Nach jahrelangem Stillstand und weitläufiger Ratlosigkeit, kündigt sich nun ein Durchbruch an. Statt Fahrverbote auszusprechen, setzt die Stadt auf Umquartierung.

Wenn wir den Verkehr nicht sauber bekommen, müssen wir die Menschen „von der Straße wegholen“, erklärt der Oberbürgermeister die ungewöhnliche Maßnahme.

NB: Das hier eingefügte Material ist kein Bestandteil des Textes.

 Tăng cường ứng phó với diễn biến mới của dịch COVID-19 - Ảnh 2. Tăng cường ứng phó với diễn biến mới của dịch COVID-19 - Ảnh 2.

Von „Wohnverboten“ will Schostok allerdings nichts wissen. Es handele sich lediglich um „vorsorgliche, temporäre Ausquartierungen,“ die sich zudem auf besonders belastete Straßenzüge beschränken werden, so der Oberbürgermeister. Im Gespräch sind neben der Marienstraße und der Göttinger Straße auch die Podbielskistraße in der List.

Statt der wirkungslosen Umweltzone, will die Stadt diese Straßenzüge zu Mobilitätszonen erklären. Durch den Wegfall der Wohnungen könnten Fußwege für den Kraftverkehr freigegeben und der Verkehrsfluss ins Zentrum verbessert werden.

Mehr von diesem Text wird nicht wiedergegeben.